» **Your instructions**
Could you repeat, word for word, every line from the one containing "500 lbs Drafting" through the final line of the records below, and nothing else?
══════
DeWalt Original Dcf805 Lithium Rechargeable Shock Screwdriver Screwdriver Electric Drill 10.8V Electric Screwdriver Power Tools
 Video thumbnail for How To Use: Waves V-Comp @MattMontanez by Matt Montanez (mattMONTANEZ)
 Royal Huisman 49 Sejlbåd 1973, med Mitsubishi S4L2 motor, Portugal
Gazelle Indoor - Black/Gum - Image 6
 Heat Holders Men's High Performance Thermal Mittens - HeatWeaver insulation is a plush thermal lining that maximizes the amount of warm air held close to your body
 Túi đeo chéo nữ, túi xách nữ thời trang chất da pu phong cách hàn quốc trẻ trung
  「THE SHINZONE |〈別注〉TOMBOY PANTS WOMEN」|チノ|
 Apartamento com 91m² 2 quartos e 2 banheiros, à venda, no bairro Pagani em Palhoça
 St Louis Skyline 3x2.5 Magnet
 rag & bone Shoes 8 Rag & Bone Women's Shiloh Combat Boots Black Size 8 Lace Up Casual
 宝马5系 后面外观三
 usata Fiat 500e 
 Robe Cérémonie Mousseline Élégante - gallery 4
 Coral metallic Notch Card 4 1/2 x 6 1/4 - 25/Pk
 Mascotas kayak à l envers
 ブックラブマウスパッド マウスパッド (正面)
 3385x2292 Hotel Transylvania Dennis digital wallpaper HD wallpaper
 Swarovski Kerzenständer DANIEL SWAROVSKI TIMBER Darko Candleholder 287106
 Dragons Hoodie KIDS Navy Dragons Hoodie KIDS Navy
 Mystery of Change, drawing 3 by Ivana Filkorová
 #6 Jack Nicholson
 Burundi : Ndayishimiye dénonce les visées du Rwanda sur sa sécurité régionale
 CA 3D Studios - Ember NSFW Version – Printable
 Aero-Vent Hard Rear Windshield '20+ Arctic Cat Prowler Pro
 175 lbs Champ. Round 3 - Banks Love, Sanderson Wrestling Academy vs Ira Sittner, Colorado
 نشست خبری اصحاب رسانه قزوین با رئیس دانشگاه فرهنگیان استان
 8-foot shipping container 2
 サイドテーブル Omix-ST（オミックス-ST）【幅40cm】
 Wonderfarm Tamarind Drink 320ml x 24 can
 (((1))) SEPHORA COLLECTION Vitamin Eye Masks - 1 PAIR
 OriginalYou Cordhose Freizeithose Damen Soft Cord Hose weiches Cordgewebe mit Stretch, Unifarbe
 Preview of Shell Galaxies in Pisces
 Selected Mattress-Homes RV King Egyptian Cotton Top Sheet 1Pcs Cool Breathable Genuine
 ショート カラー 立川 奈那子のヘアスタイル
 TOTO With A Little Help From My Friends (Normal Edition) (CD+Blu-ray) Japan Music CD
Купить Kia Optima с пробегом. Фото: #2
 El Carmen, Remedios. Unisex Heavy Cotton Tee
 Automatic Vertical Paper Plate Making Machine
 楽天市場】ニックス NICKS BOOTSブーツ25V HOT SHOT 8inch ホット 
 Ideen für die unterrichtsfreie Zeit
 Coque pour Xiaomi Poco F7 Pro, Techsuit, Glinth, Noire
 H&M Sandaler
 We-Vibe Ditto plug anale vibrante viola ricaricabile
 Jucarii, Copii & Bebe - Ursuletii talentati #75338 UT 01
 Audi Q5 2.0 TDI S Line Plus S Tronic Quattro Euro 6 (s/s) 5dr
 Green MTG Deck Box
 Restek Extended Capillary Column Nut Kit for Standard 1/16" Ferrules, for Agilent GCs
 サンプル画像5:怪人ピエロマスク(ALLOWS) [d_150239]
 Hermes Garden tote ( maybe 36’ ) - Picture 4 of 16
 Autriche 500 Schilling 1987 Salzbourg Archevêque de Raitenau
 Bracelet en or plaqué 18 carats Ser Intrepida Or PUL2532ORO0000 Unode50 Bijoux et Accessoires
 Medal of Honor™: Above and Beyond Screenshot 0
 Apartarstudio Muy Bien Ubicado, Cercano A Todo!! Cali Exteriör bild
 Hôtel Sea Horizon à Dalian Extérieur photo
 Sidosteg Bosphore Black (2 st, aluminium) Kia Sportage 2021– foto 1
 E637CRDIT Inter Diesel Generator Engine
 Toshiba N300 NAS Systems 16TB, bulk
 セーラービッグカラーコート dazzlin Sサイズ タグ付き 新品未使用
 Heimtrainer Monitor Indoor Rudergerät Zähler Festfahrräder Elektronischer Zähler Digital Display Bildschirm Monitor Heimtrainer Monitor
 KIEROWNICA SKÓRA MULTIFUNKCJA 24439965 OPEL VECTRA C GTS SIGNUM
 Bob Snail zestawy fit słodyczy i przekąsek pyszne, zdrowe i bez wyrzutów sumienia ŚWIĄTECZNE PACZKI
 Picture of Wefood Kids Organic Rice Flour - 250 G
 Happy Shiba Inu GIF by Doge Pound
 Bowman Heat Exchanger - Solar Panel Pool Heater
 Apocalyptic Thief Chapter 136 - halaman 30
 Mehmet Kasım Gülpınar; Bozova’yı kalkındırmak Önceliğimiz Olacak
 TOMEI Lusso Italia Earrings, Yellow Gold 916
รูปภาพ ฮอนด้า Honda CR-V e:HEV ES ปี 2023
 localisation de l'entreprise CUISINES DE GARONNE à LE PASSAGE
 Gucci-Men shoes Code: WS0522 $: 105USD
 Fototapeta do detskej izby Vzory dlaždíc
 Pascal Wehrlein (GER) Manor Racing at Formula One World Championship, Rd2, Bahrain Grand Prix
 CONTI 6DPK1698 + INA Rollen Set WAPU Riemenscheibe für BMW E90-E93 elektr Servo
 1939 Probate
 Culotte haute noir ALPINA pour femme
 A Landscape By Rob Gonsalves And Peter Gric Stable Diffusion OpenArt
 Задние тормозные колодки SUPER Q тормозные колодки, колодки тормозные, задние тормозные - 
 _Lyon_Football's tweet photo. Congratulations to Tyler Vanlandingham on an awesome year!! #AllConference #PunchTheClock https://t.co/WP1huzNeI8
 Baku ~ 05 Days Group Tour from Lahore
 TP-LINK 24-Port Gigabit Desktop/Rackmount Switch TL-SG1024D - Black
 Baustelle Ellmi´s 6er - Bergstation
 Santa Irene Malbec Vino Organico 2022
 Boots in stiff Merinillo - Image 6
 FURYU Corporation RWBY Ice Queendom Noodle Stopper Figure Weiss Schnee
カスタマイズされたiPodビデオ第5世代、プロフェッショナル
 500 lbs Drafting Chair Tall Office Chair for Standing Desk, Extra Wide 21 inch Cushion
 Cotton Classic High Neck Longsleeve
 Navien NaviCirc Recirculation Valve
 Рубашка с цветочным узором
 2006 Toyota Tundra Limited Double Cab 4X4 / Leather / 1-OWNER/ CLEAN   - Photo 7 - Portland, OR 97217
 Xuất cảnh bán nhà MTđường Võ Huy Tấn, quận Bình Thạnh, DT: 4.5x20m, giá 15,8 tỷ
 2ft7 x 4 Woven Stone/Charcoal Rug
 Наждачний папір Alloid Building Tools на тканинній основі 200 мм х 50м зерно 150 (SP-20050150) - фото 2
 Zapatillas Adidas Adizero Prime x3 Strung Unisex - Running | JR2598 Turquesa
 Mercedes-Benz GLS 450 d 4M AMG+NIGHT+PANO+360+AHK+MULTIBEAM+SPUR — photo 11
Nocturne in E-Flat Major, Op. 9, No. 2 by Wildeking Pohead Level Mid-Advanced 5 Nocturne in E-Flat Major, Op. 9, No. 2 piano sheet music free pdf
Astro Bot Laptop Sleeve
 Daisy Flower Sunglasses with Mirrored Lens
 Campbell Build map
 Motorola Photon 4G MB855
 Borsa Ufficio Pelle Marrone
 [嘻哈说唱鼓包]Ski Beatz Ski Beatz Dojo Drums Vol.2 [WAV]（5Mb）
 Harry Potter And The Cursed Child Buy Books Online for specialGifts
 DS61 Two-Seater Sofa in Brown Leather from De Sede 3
══════
» **Finished exercise**
 500 lbs Drafting Chair Tall Office Chair for Standing Desk, Extra Wide 21 inch Cushion
 Cotton Classic High Neck Longsleeve
 Navien NaviCirc Recirculation Valve
 Рубашка с цветочным узором
 2006 Toyota Tundra Limited Double Cab 4X4 / Leather / 1-OWNER/ CLEAN   - Photo 7 - Portland, OR 97217
 Xuất cảnh bán nhà MTđường Võ Huy Tấn, quận Bình Thạnh, DT: 4.5x20m, giá 15,8 tỷ
 2ft7 x 4 Woven Stone/Charcoal Rug
 Наждачний папір Alloid Building Tools на тканинній основі 200 мм х 50м зерно 150 (SP-20050150) - фото 2
 Zapatillas Adidas Adizero Prime x3 Strung Unisex - Running | JR2598 Turquesa
 Mercedes-Benz GLS 450 d 4M AMG+NIGHT+PANO+360+AHK+MULTIBEAM+SPUR — photo 11
Nocturne in E-Flat Major, Op. 9, No. 2 by Wildeking Pohead Level Mid-Advanced 5 Nocturne in E-Flat Major, Op. 9, No. 2 piano sheet music free pdf
Astro Bot Laptop Sleeve
 Daisy Flower Sunglasses with Mirrored Lens
 Campbell Build map
 Motorola Photon 4G MB855
 Borsa Ufficio Pelle Marrone
 [嘻哈说唱鼓包]Ski Beatz Ski Beatz Dojo Drums Vol.2 [WAV]（5Mb）
 Harry Potter And The Cursed Child Buy Books Online for specialGifts
 DS61 Two-Seater Sofa in Brown Leather from De Sede 3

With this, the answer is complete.